## TASK INPUT
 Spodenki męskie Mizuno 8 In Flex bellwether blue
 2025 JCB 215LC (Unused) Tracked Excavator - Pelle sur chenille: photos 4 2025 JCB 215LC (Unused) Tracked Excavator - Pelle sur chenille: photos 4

==

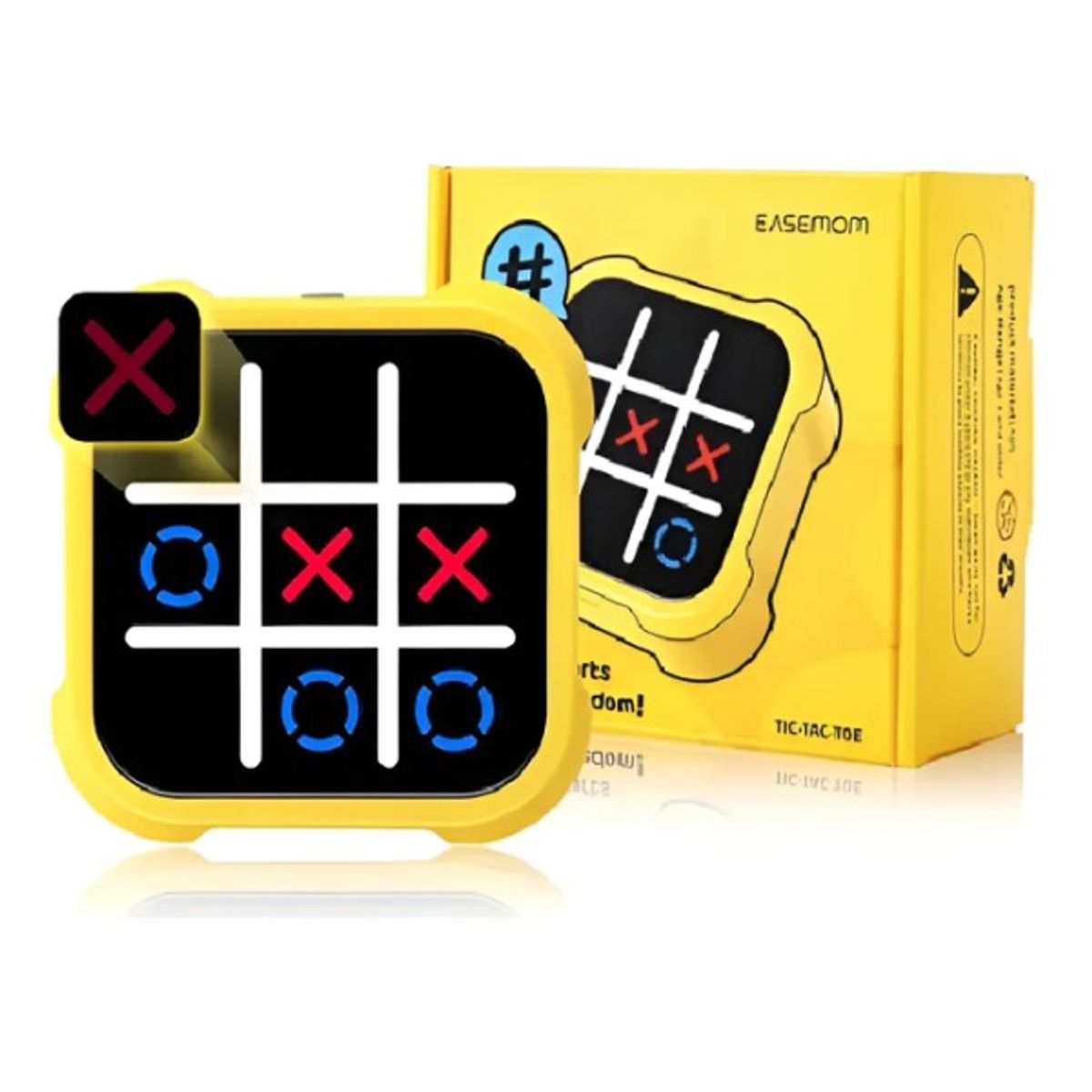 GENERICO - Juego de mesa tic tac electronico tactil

==

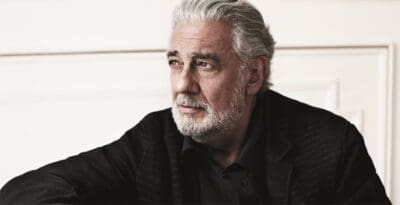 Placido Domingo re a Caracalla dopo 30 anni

## ABOUT THIS EXERCISE
Your answer should be the lines of the listing above between the line holding "Spodenki męskie Mizuno" and the line holding "photos 4 2025", inclusive, restated word for word and alone.

## ANSWER
 Spodenki męskie Mizuno 8 In Flex bellwether blue
 2025 JCB 215LC (Unused) Tracked Excavator - Pelle sur chenille: photos 4 2025 JCB 215LC (Unused) Tracked Excavator - Pelle sur chenille: photos 4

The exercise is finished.